Serum albumin values in our study are within the recommended values (Table 1), demonstrating that patients in the study found to be eutrophic in relation to nutritional status.
Table 1: Metabolic profile of CKD patients. View Table 1
Most of the above studies show that dyslipidemia is an important factor for the onset of cardiovascular disease in patients with CKD. Although not been an increase in the amount of TG, VLDL, LDL and TC (Table 1), there is a positive correlation between the albumin and to TG, and VLDL, followed by a decreased in HDL levels.

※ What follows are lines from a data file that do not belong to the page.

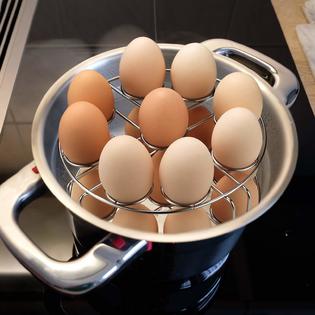 TOMOTE Egg Steamer Rack Trivet for Instant Pot Accessories 5 Qt, 6 Qt, 8 Qt  Pressure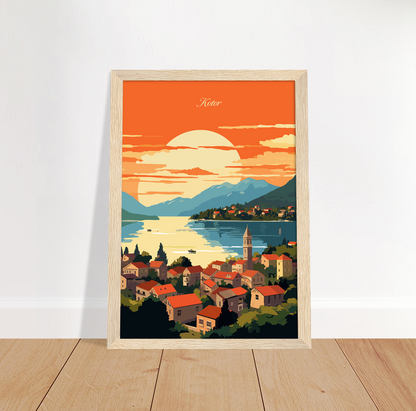 Kotor poster by bon voyage design
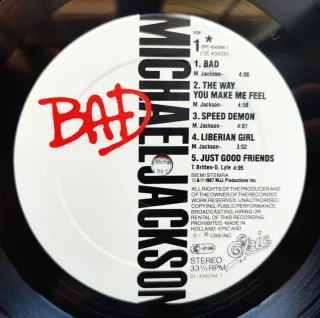 LP 1987 🇪🇺 MICHAEL JACKSON - BAD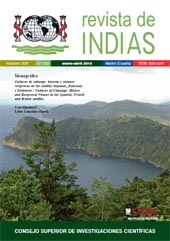 Fascicule, Revista de Indias : LXXV, 263, 1, 2015, CSIC, Consejo Superior de Investigaciones Científicas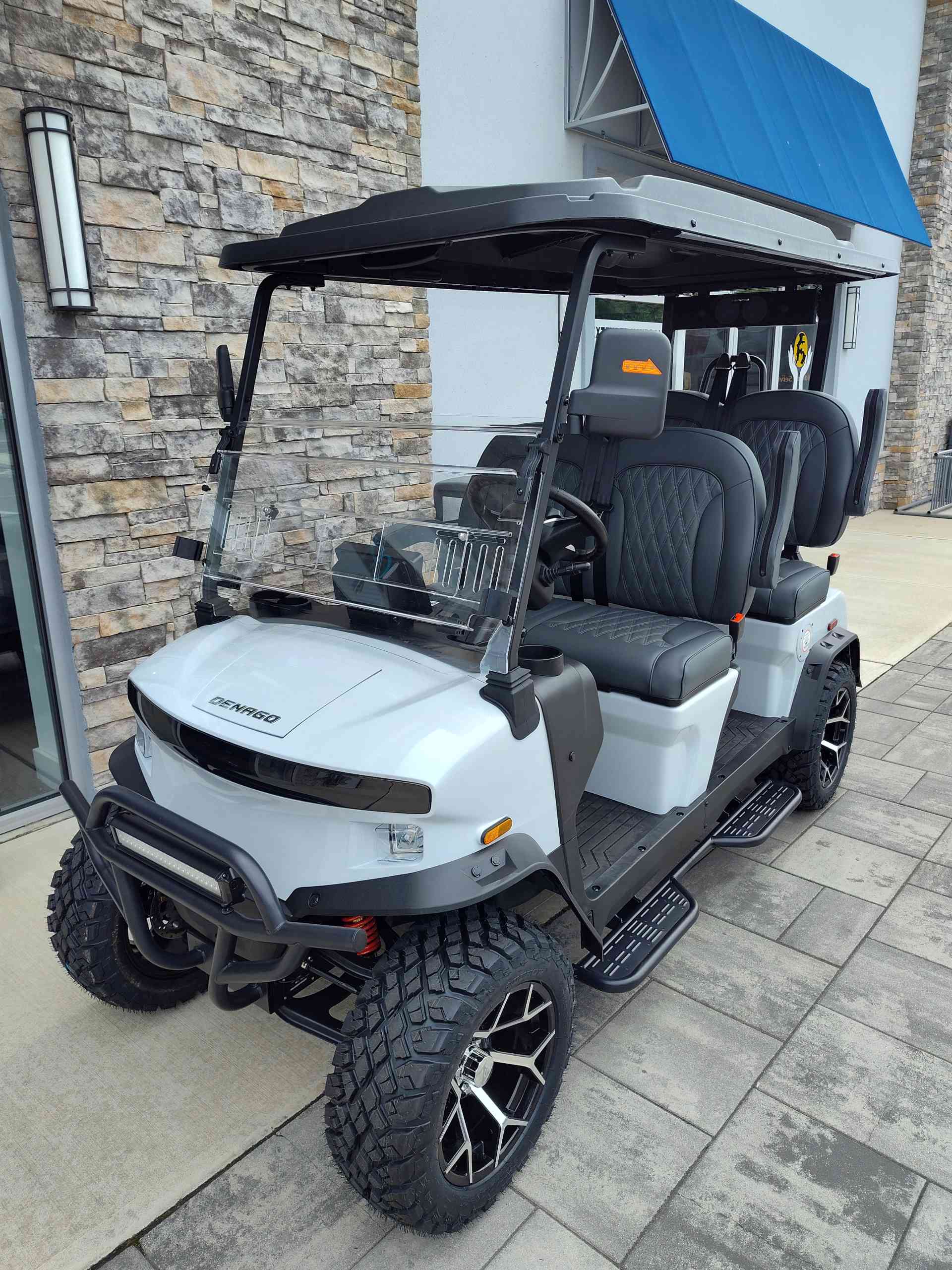 2026 Denago Rover XL Golf Cart in White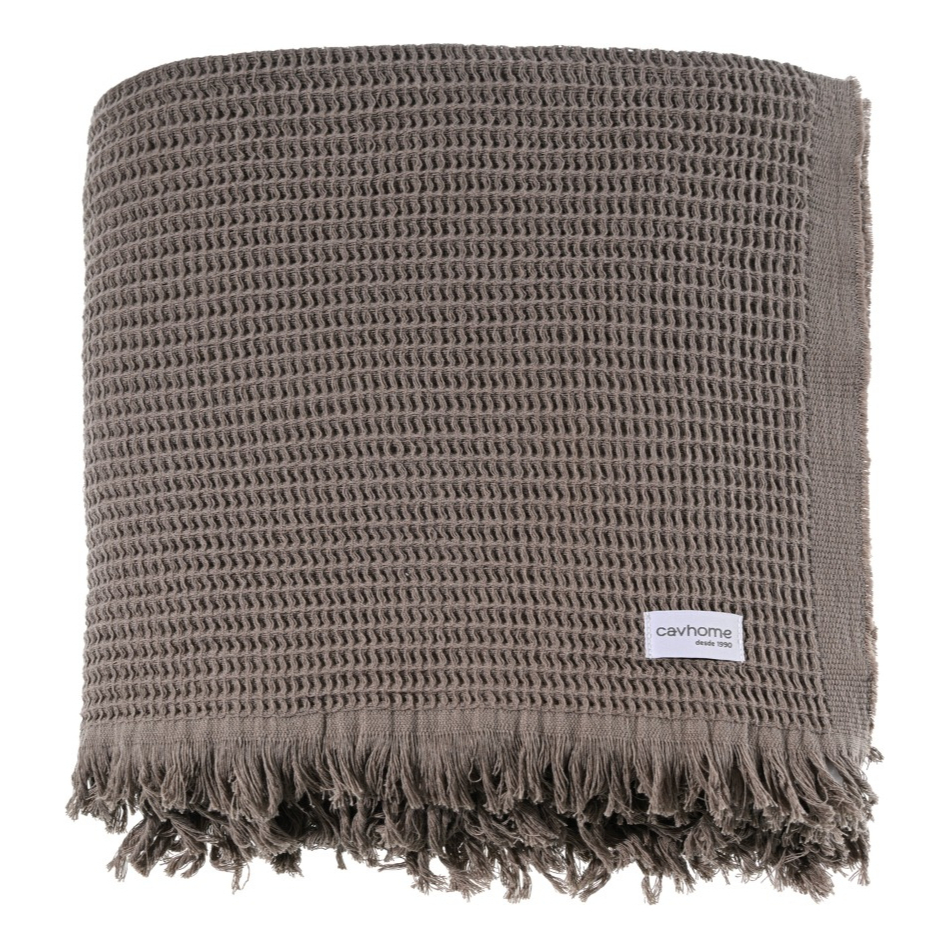 Manta Grande Decorativa 100% Algodão | Manta de Sofá e Peseira Premium 1,50m × 2,00m – OKA®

Vaziri, et al. [26] demonstrated that the lowest concentration of HDL derives from the decrease in the metabolism of triglyceride-rich lipoproteins, although the reduction in the rate of synthesis of apo AI and A-II by the liver and the increase in the activity of cholesteryl ester transfer protein (CETP) also contribute to a decrease in plasma.
It is known that the hypoalbuminemia is an important marker of morbidity and mortality in CKD patients, however, so far there is no evidence that the correction of serum albumin can improve the survival of patients in hemodialysis [32]. Moreover, in patients with CKD there is an increase in the formation of uremic toxins, as well as advanced glycation end products that contribute to cellular oxidative stress and modifying LDL or even plasma proteins such as albumin, making them more susceptible to the type receptors "scavenger" in arterial macrophages, contribute to the development of atherosclerosis in these individuals.
More detailed studies on the profile of CKD patient's lipoproteins should be conducted to functionally evaluate the power anti-atherogenic or pro-atherogenic of these lipoproteins.
In our study we demonstrated that in patients with chronic kidney disease there is an increased risk of developing atherosclerosis. This increase in the risk of developing atherosclerosis and cardiovascular disease is not due to the increase of blood cholesterol or triglycerides, but by a decreased level of HDL.
We also observed that there is a correlation between creatinine levels to HDL levels, demonstrating that when the worse the condition of the renal functionality, the lower the HDL level and this is the main factor that contributes to cellular cholesterol accumulation and consequently favoring the genesis and development of atherosclerosis in these patients.